By way of a very quick and dirty illustration:

Evidently, if your process design doesn't have qualified lawyers (i) reviewing court filings and/or (ii) conducting periodic case reviews you've likely got a problem (and also had one prior to Mazur v CRS).
Similarly, if your process design has qualified solicitors performing all of the tasks illustrated above then you likely don't have a regulatory issue, although I'd wager your matter profitability isn't as good as it could be.
But many firms will be operating within the shades of grey between these clear cut positions. Areas I would be taking a second look at:
Matter inception - what involvement does a qualified fee earner have in assessing the file and setting direction up front
Court filings - belt and braces here is for the qualified fee earner to both conduct a review and evidence it by them signing it, even if a paralegal has prepared it. I've seen (I hope tongue in cheek suggestions) that paralegals save images of solicitors ink signatures to insert. Again, NAL but rather an ex-auditor - this is not a good idea!
Periodic case reviews - how often, what is the scope, and as above, what is the expected evidence that this has taken place? File notes in the case management system from the supervising fee earner? Emails? An informal chat? Time recording on the matter file?
Much hangs on the simplified 'qualified' vs 'non-qualified' distinction here - how do you treat CILEX Fellows as particularly pertinent example. But as and when that regulatory clarification comes you'll be able to update the first pass of your swimlane flowchart and redesign the workflow accordingly.
(B) Operating Effectiveness
There is often a gap between how a process is designed on paper and how it operates in practice. There are many reasons for this, such as:
Increasing trust between supervisor and supervisee and increasing capabilities of the latter can lead to those review points not happening. This is natural, and a positive, but for the regulatory position - supervision needs to happen not for a lack of trust or ability, but because thems the rules
High caseloads leading to corners being cut, see also late filings or near miss late filings as further indications of this
Commercial pressures, namely rates being too low for effective supervision to take place or it takes place but the time is not recorded to notionally inflate matter profitability, realisation or recovery rates
Having defined the key supervision points (as above), I'd suggest looking a sample of files to ensure that the evidence is in place. There's a lot of science that can go into sample selection, but on the assumption this is a quick pre-regulatory clarification check I'd suggest a small sample ensuring a cross section across matter types, teams and supervisors.
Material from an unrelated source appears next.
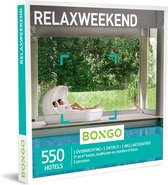 Bongo Bon - Relaxweekend Cadeaubon - Cadeaukaart cadeau voor man of vrouw | 550 hotels met spa- en wellnessfaciliteiten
If you find an issue in a particular area, you then expand the sampling to better identify the underlying root causes.
Pulling it together
By performing the above steps, firms should be able to take a preliminary view on where there are existing gaps in the design of their supervision framework and where there are gaps in compliance with that framework.
As and when further regulatory guidance is issued, you'll have a decent leg up to be able to assess the commercial impact of any changes - for example, if greater supervision is required that will impact caseloads, time spent on files, team shape and size, and ultimately the profitability of the matter and department.
The time for modelling this through spreadsheets will come, but first you need to bottom out the gap between how you think the process works vs how it actually works and then layer in the potential changes once that regulatory position is clarified.